Chelsea TV to show England U-21 game
Wednesday, October 7 2009,
Chelsea TV has secured rights to broadcast live coverage of England's Under-21 Championship qualifier against Macedonia this Friday.
Available on Tiscali and Sky for a monthly subscription fee of £5.87, the channel will exclusively screen the match from Coventry's Ricoh Arena after no rival broadcaster picked up the rights.
This development follows news that England's World Cup qualifier against Ukraine will be broadcast exclusively online via pay-per-view for the first time ever.
Fans will have to pay up to £11.99 to watch the game this Saturday on a dedicated website, along with selected third-party sites and participating cinemas. The relative success or failure of this approach could have a major impact on the way that national sports coverage is broadcast in the future.
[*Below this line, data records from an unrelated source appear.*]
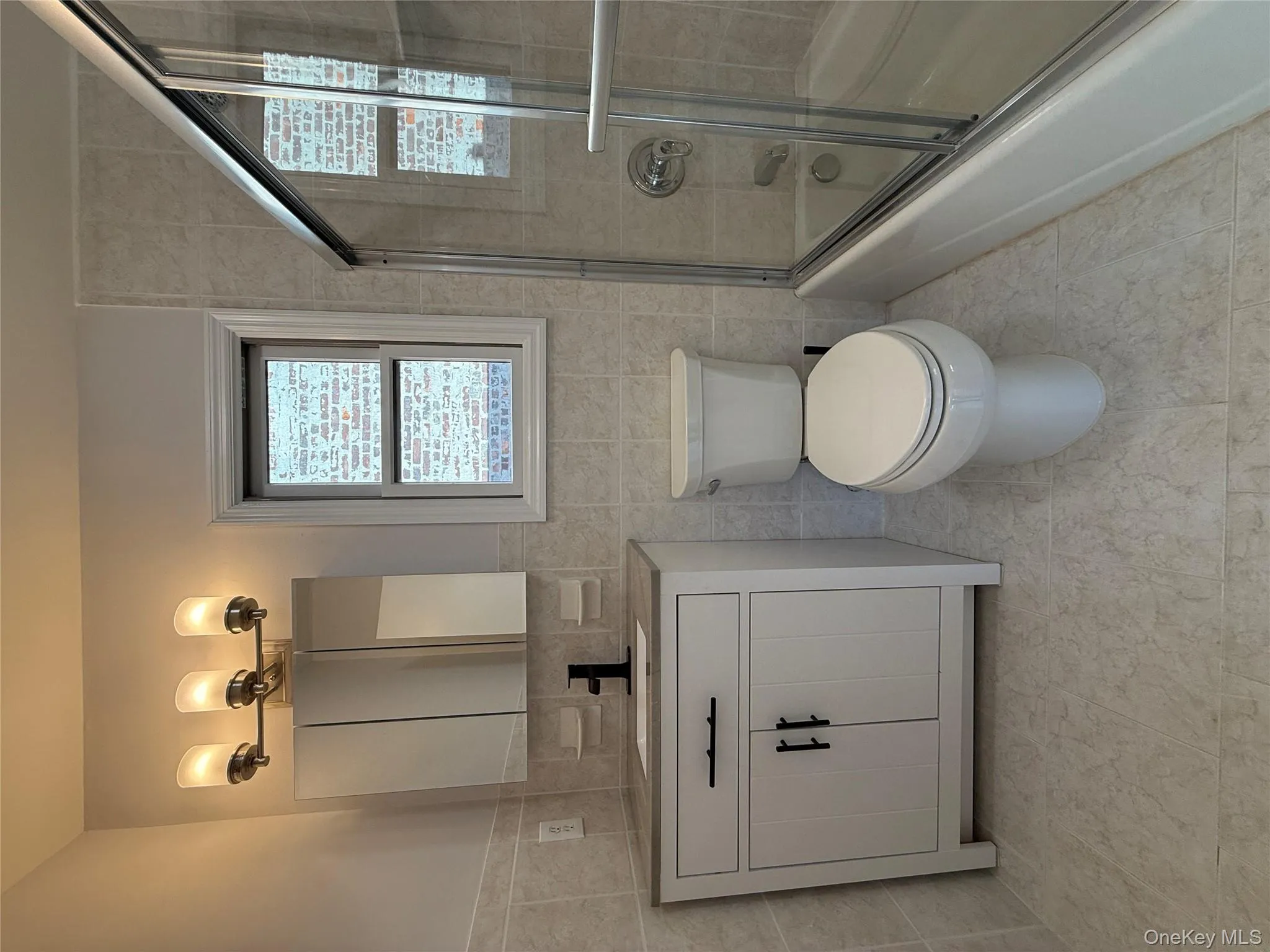 Full bath featuring tile walls, bath / shower combo with glass door, vanity, and light tile patterned flooring Full bath featuring tile walls, bath / shower combo with glass door, vanity, and light tile patterned flooring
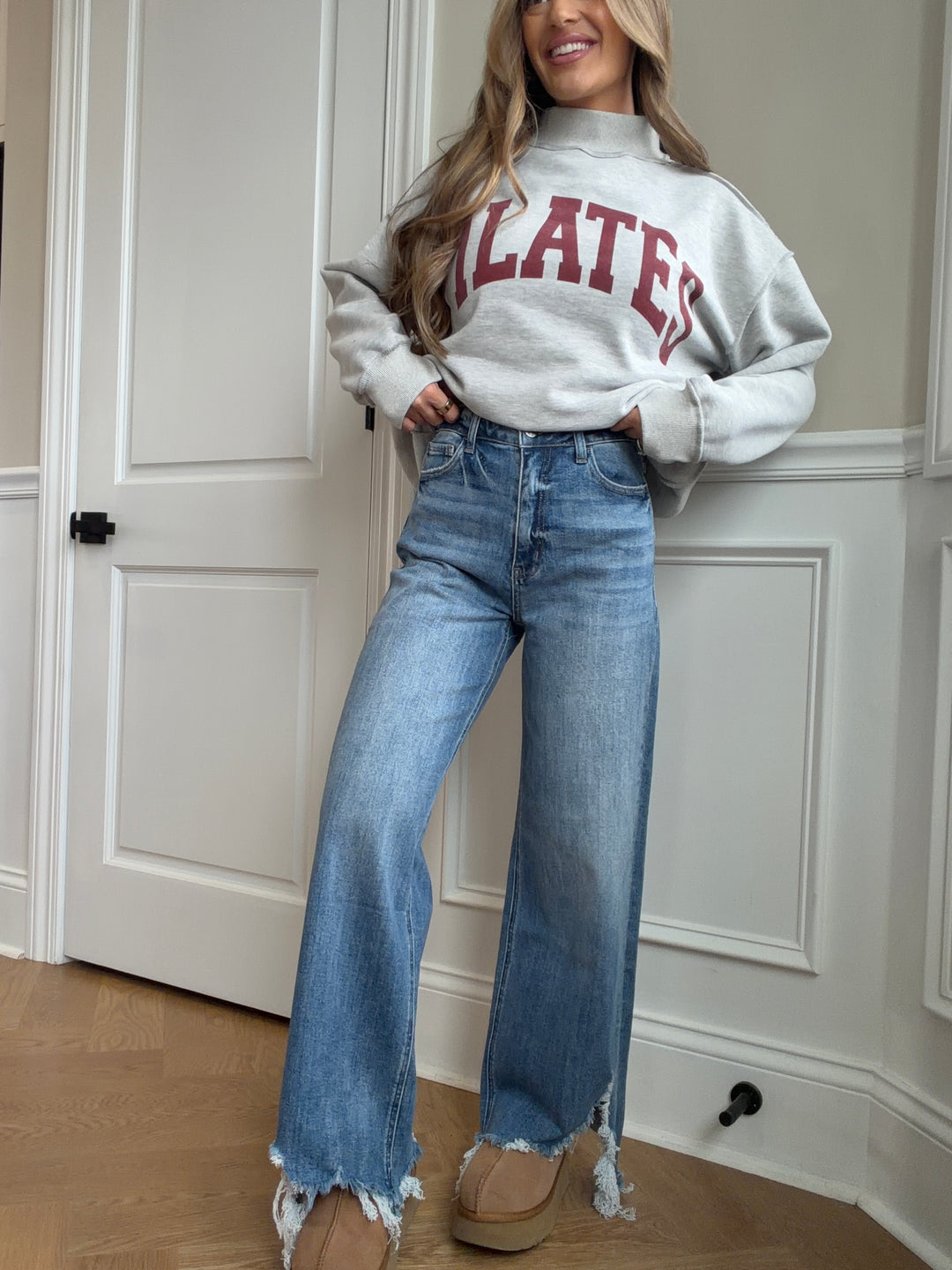Person wearing a gray sweatshirt with 'LATER' text and blue jeans indoors.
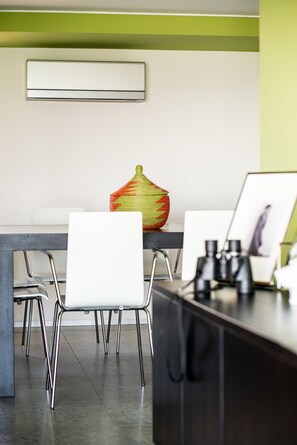 A modern dining area with a white table, metal chairs, and a decorative vase.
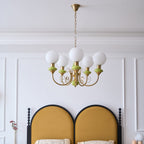 Five-light Clérachic Brass Scrollwork Chandelier on a brass chain above a mustard arched headboard in a panelled bedroom.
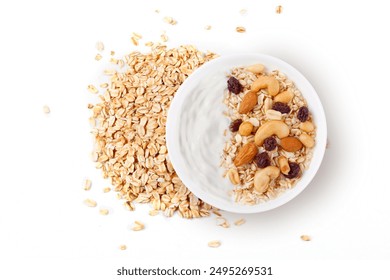 natural yogurt with oats and nuts in ceramic bowl top view isolated white background. Healthy eating concept - Powered by Shutterstock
However, the move has already been criticised by fan groups who believe that all England World Cup qualifiers should be available on free-to-air television.
Football Supporters' Federation director of policy Steven Powell told The Times: "The government should ensure that all national team games are available for those who can't afford subscriptions or pay-per-view."
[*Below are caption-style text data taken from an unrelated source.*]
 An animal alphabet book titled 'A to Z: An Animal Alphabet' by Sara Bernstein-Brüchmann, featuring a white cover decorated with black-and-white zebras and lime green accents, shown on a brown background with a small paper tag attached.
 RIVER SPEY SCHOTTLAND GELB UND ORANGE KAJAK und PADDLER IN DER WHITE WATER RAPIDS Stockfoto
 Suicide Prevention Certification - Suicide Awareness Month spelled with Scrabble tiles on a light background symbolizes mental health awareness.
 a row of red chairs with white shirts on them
A panel of experts, led by former FA executive director David Davies, will meet this week to discuss the ways in which England's World Cup qualifying matches are broadcast in the future.
For the first time since 1998, the government has tasked the panel with reviewing the list of sporting events that are protected for broadcast on free-to-air television.
Back in July, the BBC called for all home nation qualifiers for the World Cup and European Championship to be included on the list of protected events.
BBC chief operating officer Dominic Coles said: "In an increasingly fragmented society, the ability to broadcast, freely available to all, those major events that can unite communities and deliver social value cannot be underestimated.
"Imagine the London Olympics, or perhaps a 2018 World Cup hosted in England, not being universally available for the whole UK to enjoy irrespective of individual financial circumstance."
The inclusion of all home nation qualifiers on the list would also factor in away games, in which foreign rights agencies are often eager to earn as much TV revenue as possible from the coverage.
Rights to the England's match against Ukraine were previously owned by collapsed firm Setanta, but no other broadcaster showed any interest in the game because England have already qualified for the tournament next year in South Africa.
Coventry University professor of sport business strategy and management Simon Chadwick said that the internet-exclusive coverage of the game could usher in a new regime for sports broadcasting.
"Saturday's game may well be the start of a new era in broadcasting that many of us may never be happy to accept," he told The Times.
The review panel will submit its findings to the Department for Culture, Media and Sport at the end of this month before ministers decide if any changes to legislation are required.